Description of the task
Reproduce the whole listing exactly, omitting any picture it holds.

The data
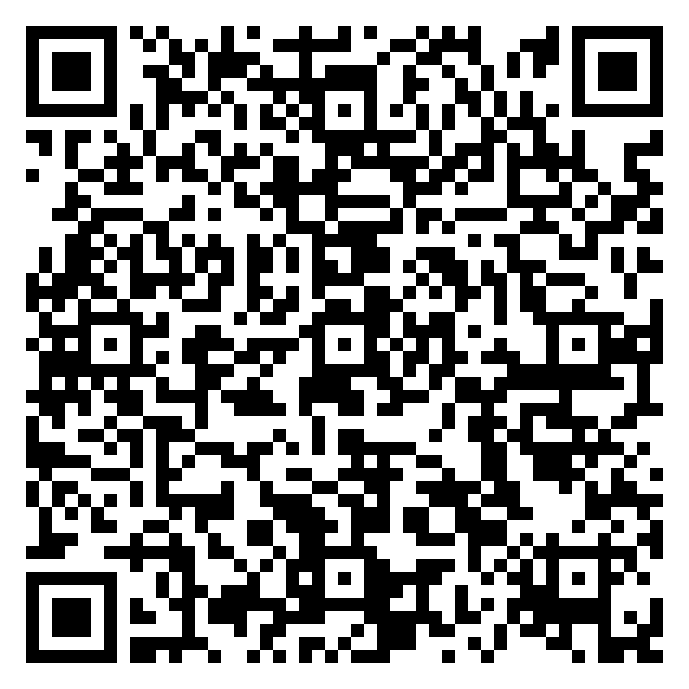 Kancelaria Notarialna Anna Milewska kod QR z danymi kontaktowymi kod QR z danymi kontaktowymi 36128301800000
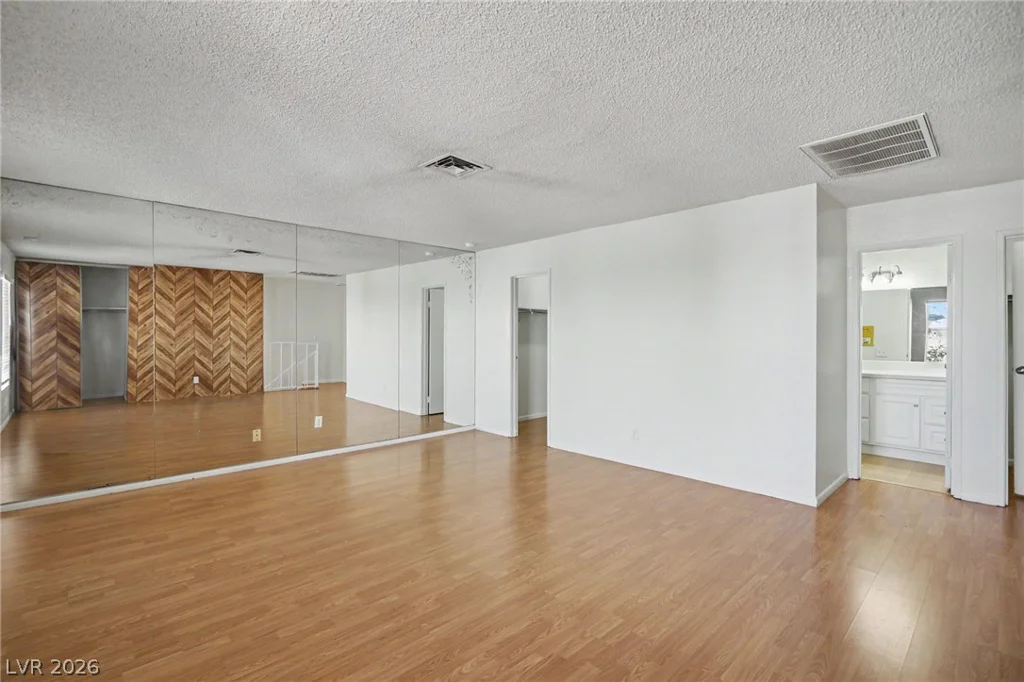 3968 Visby, Las Vegas, NV 89119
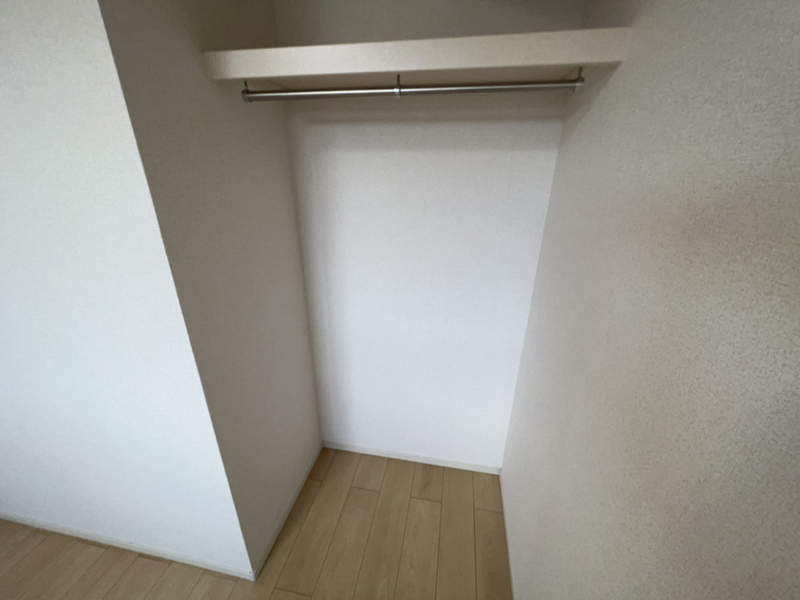 収納 写真9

Response box
 Kancelaria Notarialna Anna Milewska kod QR z danymi kontaktowymi kod QR z danymi kontaktowymi 36128301800000
 3968 Visby, Las Vegas, NV 89119
 収納 写真9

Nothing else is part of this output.